On Tuesday the loonie dipped below the 70-cent U.S. mark for the first time since 2003.
In a border community like Osoyoos, we will all feel the impact.
Everywhere in Canada there will be some winners and some losers. Here, businesses and consumers will feel it as much as anywhere, if not more so.
The exchange rate will be a big shock for those accustomed to driving down to Oroville or Omak to save a few dollars on their purchases.
The number of Canadians crossing the border to shop is dropping considerably – to the point that Hughes Department Store in Oroville recently announced it is closing after 82 years in business.
Osoyoos residents who travel as snowbirds to Arizona, New Mexico or California for the colder months will also be hit hard. Some are considering alternate places to escape the winter – such as Mexico – where the impact of the exchange rate isn’t quite so drastic.

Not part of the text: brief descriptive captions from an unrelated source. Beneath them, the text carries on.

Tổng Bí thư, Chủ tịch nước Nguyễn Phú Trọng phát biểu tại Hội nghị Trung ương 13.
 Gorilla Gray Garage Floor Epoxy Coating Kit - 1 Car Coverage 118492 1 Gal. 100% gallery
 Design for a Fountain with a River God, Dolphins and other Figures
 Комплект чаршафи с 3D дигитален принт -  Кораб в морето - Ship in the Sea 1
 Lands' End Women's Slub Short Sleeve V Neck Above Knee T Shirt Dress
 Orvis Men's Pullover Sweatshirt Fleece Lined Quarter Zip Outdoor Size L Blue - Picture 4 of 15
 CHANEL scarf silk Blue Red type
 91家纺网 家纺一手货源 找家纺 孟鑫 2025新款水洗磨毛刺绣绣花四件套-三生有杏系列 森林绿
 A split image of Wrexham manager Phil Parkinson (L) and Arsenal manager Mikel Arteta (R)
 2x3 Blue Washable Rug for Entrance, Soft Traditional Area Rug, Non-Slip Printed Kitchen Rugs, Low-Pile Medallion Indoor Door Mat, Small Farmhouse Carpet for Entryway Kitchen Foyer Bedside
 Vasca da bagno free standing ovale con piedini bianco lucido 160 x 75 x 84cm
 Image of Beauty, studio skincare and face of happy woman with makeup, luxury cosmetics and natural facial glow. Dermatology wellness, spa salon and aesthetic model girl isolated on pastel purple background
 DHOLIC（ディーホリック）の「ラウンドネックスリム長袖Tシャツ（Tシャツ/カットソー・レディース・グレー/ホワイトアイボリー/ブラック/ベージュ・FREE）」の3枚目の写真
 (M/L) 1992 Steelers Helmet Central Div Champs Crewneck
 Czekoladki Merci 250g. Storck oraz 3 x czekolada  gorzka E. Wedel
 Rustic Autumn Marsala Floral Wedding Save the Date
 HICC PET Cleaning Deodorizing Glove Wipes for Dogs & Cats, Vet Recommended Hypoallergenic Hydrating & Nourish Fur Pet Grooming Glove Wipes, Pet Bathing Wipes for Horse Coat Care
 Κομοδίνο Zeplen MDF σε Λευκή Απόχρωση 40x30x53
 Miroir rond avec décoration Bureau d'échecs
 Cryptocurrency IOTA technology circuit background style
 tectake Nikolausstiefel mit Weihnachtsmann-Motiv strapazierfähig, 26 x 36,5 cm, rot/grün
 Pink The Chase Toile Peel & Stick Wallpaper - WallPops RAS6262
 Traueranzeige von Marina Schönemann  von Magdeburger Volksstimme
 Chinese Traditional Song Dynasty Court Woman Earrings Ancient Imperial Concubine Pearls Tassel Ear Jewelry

At the grocery store, much of our produce, especially in the winter months, comes from places like California. Have you checked the price of a head of lettuce lately?
But there are also winners in Canada and Osoyoos.
This community relies on the tourism industry, and it will likely see a boost from the lower loonie.
Many B.C. residents who might have decided to cross the border next summer may choose a “staycation” here instead.
We already attract many Prairie snowbirds in the winter, but those numbers could well increase as ones who normally head to the southern U.S. opt for Osoyoos and Canada’s Warmest Welcome instead.
Osoyoos will also become a more popular destination for American vacationers who will suddenly find their dollar goes much further in Canada than it does at home.
Overnight travel from the U.S. rose by about seven per cent last year and is expected to increase by another 3.3 per cent this year, according to the Conference Board of Canada.
Even our local merchants may see some benefit as fewer Osoyoos residents cross the line to do their shopping.
Many Canadian businesses will also benefit as they sell their goods and services in U.S. dollars, while paying wages and other expenses in loonies.
The film industry in Vancouver should do very well, although we’re told it can be a mixed blessing for the Okanagan industry, which has trouble obtaining crews when they’re busy in Vancouver.
Manufacturers, beef exporters and mining companies that sell in U.S. dollars are among those that will benefit.
There are several reasons for the growing exchange rate difference, though the primary one is plunging oil prices.
Like it or not, Canada’s economy relies heavily on exporting oil and bitumen from the Alberta oilsands.
Oil prices have now dropped below $30 U.S. a barrel for benchmark American oil, and you can bet that Alberta oil now sells for much less.
Our dollar reflects our reliance on this commodity, a dependence that was increased under the last federal government.
Interest rates also play a role. These are set by central banks rather than by governments. The U.S. has actually increased rates, which tends to boost the value of their currency, while Bank of Canada Governor Stephen Poloz muses about moving to “negative interest rates.”
Finally, in times of perceived international instability, investors tend to seek the stability of the U.S. dollar, also boosting its value against other currencies.
In the long run, markets tend to correct themselves. In the short run, we may be in for a bumpy ride in Osoyoos and across Canada.